Cape Cod Hospital has been hit with a hefty $24.3 million tab to settle federal accusations of bilking Medicare. The hospital in question reportedly charged for heart procedures that didn't meet the stringent Medicare guidelines, cutting corners on patient evaluations and raking in big bucks in the process. According to details released Thursday by the U.S. Attorney's Office, the hospital's non-compliance spree kicked off in 2015 and didn't stop until the end of last year, lining their pockets with funds they weren't entitled to for years.
The nitty-gritty of the allegations points to TAVR, a procedure to fix up patients with aortic stenosis, which basically means their ticker wasn't pumping blood the way it’s supposed to. ADetailed, independent check-ups to size up whether patients were fit for TAVR were either half-baked or not inked into records properly, a federally enforced rule aimed at maintaining patient safety. "Medicare permitted coverage for this newly developed cardiac procedure only under certain conditions, to ensure patient safety. Cape Cod Hospital ignored those rules and received millions of dollars from Medicare to which it was not entitled. This conduct persisted for years despite internal warnings," Acting United States Attorney Joshua S. Levy stated. The settlement covers hundreds of these allegedly shoddy TAVR claims to Medicare.
The Justice Department isn't letting Cape Cod Hospital off the hook post-settlement either. The hospital's now roped into a five-year pact known as a Corporate Integrity Agreement with the U.S. Department of Health and Human Services, Office of Inspector General (HHS-OIG), mandating a third-party review system for their Medicare billing strategies. It’s a sort of keep-your-nose-clean agreement ensuring they don't pull a fast one on the government's dime moving forward.

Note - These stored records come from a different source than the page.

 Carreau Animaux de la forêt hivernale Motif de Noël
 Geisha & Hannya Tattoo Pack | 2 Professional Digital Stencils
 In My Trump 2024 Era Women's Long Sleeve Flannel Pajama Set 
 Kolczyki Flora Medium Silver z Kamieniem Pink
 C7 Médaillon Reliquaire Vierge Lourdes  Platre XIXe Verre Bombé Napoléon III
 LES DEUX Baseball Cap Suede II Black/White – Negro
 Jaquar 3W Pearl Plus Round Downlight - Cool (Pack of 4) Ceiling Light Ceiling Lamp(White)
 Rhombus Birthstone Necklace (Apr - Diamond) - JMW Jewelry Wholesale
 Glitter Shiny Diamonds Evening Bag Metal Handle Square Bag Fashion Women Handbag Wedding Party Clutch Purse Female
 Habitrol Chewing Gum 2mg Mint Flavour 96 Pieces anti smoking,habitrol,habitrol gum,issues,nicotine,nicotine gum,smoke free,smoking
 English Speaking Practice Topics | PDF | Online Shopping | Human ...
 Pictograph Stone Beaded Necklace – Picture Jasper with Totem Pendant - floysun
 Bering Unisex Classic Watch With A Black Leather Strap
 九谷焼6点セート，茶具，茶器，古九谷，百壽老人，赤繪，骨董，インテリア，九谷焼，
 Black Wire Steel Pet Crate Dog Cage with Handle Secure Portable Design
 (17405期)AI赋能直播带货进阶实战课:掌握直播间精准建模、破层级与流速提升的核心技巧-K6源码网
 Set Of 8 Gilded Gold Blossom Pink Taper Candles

Despite the mess, the hospital did earn some brownie points for fessing up and working with the Feds, which apparently made their financial hit a bit softer. They dug up records, pulled out the problematic paperwork, and put new practices in place to avoid a repeat situation. Cape Cod Hospital essentially said, "My bad," and promised to straighten up their act according to the Department of Justice's False Claims Act policy, which cuts a break for cooperation. In a silver-lining twist, the whistleblower who gave the hospital up stands to pocket a cool $4.36 million cut from the settlement cash, for their troubles of calling out the alleged Medicare scheme.
Rooting out healthcare fraud is top-tier on the government's to-do list, with the False Claims Act acting as a power player in the good fight. Cape Cod Hospital’s payout is the latest example of the push to keep healthcare providers in line, making sure they stick to the books when it comes to billing Uncle Sam. And, with this settlement dropping, the DOJ is making it crystal clear – play by the rules or pay up. For folks looking to drop a dime, there’s a hotline open to report anything fishy with Medicare funds – HHS at 800-HHS-TIPS. This info comes straight from the top brass including Levy, Brian M. Boynton, of the Justice Department’s Civil Division, and Roberto Coviello, a big wheel at HHS-OIG.